» What to do: Pick out every line of the entries below where "show" occurs, and copy those lines.

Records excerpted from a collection
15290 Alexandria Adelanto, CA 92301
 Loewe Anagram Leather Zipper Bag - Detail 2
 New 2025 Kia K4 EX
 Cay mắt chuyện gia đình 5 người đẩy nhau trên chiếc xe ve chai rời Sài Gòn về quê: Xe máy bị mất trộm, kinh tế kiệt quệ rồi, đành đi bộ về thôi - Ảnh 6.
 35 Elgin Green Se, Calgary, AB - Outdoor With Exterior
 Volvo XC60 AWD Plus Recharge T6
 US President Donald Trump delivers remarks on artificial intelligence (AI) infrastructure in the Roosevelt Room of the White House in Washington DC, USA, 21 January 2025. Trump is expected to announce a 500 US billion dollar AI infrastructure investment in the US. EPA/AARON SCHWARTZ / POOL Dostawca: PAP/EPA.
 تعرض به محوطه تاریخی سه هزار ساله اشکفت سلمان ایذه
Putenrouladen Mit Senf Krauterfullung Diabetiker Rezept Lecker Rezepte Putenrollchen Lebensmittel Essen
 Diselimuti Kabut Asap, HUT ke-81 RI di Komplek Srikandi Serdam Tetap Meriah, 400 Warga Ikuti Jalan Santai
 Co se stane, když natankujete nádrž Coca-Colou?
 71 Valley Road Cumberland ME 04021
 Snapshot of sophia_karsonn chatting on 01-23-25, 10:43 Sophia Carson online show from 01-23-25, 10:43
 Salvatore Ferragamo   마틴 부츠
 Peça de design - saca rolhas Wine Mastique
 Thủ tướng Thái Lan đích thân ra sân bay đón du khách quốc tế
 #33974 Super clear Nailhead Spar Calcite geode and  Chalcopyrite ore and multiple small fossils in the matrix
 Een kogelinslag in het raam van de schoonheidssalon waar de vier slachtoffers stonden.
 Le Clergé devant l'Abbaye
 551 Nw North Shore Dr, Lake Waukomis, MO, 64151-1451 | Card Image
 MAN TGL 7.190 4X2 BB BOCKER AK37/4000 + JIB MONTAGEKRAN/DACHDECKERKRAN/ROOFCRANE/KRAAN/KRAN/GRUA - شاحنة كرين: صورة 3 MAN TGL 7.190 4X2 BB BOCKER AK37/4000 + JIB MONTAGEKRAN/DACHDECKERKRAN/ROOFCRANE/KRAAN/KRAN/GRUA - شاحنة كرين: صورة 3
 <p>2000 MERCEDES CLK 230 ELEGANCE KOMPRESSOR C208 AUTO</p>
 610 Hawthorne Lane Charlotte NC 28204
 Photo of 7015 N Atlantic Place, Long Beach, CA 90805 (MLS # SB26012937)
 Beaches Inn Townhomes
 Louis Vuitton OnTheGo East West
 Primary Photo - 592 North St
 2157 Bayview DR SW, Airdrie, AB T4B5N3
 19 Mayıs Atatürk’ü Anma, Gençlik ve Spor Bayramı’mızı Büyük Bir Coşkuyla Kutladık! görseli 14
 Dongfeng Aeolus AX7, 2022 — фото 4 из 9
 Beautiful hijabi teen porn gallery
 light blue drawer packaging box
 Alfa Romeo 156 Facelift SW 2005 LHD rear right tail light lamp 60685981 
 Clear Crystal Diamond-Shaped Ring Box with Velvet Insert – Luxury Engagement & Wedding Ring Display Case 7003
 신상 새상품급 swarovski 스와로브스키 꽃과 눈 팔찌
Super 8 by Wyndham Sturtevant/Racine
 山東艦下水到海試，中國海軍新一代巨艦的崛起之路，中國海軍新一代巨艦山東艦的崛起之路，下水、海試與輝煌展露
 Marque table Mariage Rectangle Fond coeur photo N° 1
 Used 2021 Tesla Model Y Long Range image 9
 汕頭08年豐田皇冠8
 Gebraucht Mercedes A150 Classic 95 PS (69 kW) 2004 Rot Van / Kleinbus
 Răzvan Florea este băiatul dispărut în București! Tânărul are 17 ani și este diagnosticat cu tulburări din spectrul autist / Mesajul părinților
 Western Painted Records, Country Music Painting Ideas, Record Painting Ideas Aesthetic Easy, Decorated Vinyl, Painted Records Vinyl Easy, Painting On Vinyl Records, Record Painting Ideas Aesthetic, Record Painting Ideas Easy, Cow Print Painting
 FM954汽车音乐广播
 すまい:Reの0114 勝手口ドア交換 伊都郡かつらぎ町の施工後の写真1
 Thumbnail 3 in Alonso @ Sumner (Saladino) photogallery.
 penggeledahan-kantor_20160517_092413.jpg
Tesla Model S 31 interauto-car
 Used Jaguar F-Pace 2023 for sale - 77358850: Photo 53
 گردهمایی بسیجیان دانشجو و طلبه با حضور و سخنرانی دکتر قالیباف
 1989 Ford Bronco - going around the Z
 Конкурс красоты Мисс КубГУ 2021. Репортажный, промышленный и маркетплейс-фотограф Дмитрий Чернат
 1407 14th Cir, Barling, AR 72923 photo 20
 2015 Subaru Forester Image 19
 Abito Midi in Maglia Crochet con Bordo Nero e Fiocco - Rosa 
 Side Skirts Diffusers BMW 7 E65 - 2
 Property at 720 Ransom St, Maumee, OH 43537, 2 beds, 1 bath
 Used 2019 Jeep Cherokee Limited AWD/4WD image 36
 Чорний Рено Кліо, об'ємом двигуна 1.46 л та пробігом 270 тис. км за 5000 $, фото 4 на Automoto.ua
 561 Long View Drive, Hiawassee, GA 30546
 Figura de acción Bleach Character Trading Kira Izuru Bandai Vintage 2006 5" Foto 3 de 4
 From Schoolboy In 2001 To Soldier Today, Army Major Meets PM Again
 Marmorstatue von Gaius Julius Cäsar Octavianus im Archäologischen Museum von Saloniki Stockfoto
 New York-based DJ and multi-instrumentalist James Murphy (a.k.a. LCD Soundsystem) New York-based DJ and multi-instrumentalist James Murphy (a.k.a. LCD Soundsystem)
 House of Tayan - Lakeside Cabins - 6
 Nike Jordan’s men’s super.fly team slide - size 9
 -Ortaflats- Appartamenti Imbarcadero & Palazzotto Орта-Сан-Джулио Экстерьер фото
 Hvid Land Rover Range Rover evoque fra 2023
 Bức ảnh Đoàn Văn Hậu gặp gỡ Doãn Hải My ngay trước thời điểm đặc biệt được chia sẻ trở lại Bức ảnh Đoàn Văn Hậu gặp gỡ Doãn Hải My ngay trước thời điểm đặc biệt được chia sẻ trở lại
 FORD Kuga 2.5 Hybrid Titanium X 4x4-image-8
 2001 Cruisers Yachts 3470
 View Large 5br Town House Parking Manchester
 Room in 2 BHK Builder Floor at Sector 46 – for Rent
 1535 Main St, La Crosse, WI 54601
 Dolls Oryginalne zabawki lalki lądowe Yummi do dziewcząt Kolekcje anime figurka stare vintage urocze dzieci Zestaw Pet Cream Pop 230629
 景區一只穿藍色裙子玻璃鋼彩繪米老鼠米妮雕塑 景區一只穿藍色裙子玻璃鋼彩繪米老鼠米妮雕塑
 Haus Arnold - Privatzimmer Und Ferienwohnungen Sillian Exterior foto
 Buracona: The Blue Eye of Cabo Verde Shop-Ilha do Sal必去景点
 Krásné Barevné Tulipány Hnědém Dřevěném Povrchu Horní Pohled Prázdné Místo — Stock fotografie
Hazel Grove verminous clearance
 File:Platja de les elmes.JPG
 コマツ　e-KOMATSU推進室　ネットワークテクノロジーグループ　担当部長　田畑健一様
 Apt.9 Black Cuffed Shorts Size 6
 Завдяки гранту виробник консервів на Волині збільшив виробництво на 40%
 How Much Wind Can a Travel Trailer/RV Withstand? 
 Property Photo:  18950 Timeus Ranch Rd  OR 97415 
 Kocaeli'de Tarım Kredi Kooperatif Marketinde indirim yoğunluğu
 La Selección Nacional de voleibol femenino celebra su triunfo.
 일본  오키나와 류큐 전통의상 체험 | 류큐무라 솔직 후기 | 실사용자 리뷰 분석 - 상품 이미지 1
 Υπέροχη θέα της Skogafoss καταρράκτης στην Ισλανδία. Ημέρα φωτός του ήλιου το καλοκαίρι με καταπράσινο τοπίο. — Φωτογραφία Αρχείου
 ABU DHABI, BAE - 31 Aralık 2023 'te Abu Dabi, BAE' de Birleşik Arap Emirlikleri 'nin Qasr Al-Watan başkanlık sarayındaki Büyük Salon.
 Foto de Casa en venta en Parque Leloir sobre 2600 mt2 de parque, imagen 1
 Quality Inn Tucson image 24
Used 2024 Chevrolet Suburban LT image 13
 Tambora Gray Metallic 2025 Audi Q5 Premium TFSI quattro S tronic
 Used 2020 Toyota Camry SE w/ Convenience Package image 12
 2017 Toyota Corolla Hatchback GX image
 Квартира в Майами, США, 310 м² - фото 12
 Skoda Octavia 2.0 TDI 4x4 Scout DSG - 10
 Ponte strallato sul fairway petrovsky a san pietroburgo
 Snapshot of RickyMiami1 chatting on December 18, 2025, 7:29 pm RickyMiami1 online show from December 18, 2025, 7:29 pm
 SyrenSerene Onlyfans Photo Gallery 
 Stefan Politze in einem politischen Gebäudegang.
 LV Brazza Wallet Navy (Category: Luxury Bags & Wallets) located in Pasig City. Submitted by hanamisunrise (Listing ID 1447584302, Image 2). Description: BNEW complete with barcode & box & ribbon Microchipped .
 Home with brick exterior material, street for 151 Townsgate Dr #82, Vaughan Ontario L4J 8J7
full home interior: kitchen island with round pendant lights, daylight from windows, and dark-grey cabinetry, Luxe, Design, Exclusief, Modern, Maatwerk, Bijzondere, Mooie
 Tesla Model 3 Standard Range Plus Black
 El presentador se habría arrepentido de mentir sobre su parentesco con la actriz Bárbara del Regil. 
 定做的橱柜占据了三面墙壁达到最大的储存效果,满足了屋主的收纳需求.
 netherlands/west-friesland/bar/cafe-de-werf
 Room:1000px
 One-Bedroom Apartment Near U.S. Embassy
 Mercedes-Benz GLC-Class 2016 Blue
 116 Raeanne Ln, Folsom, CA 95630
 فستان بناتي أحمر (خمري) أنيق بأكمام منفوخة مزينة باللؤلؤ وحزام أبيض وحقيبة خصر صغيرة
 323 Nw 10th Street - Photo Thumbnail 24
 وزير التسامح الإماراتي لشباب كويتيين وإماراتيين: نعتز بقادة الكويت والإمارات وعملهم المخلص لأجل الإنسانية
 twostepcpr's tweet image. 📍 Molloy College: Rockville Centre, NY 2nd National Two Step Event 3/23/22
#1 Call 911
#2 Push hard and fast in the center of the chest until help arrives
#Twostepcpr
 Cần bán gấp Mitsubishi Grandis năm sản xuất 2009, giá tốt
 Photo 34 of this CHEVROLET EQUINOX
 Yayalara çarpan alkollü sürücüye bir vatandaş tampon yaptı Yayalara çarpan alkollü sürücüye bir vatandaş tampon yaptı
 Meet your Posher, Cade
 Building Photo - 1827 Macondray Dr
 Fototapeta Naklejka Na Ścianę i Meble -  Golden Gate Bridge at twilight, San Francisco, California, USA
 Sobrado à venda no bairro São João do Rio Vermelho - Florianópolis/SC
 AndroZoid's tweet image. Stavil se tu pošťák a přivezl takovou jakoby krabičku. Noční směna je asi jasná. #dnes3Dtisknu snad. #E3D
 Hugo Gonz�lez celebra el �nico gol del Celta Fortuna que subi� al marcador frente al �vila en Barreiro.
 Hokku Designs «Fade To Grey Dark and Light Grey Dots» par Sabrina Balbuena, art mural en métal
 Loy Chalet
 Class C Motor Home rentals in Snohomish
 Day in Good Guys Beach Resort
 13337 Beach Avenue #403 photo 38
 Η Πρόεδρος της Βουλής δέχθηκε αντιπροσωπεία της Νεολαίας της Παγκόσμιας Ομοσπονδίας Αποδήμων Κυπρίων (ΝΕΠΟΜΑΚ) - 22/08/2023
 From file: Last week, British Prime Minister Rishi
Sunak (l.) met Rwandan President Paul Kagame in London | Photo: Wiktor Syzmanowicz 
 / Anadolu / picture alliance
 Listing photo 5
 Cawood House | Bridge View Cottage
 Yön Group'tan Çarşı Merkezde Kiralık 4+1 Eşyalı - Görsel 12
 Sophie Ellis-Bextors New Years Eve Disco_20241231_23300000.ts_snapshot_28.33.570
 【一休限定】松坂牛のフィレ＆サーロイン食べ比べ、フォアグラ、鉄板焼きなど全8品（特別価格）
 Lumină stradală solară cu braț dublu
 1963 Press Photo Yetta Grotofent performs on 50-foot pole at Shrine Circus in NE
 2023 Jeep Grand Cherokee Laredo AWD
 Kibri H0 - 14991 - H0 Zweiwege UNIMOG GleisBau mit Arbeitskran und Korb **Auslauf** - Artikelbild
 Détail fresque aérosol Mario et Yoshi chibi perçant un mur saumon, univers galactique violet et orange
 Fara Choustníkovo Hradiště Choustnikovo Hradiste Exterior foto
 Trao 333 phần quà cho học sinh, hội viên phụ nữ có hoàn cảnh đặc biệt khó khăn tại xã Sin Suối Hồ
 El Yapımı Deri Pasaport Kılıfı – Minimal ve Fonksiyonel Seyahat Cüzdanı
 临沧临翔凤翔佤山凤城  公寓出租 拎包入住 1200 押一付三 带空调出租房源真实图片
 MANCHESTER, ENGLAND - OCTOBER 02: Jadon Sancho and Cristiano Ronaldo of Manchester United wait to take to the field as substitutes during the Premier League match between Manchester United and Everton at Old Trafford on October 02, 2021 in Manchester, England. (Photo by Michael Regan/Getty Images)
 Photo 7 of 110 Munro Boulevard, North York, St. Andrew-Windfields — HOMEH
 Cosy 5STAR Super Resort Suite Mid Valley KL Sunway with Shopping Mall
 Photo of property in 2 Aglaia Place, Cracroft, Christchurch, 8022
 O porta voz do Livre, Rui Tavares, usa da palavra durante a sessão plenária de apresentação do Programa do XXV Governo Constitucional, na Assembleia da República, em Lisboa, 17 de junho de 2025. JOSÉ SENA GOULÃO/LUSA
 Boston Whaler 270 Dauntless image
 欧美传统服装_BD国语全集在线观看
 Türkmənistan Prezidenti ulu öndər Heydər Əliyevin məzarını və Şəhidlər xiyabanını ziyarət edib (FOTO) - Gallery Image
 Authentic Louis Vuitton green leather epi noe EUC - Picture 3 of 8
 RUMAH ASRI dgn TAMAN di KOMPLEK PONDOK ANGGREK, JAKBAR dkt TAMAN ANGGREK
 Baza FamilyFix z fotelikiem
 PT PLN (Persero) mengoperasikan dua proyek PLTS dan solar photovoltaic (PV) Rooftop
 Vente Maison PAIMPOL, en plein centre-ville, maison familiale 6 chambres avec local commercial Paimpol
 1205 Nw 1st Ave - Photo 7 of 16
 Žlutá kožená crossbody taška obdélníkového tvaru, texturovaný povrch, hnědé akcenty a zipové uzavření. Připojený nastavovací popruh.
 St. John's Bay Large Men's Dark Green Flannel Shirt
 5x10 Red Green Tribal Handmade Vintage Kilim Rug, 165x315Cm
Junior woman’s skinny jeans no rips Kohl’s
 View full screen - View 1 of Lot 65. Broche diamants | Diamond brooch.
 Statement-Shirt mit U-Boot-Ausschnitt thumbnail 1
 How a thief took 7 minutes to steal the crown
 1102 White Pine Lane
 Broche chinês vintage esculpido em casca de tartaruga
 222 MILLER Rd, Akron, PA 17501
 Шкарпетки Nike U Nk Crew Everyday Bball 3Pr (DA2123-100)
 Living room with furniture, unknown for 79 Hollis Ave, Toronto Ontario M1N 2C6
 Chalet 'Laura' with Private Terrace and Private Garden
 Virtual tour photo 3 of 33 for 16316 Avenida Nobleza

» Task response:
 Snapshot of sophia_karsonn chatting on 01-23-25, 10:43 Sophia Carson online show from 01-23-25, 10:43
 Snapshot of RickyMiami1 chatting on December 18, 2025, 7:29 pm RickyMiami1 online show from December 18, 2025, 7:29 pm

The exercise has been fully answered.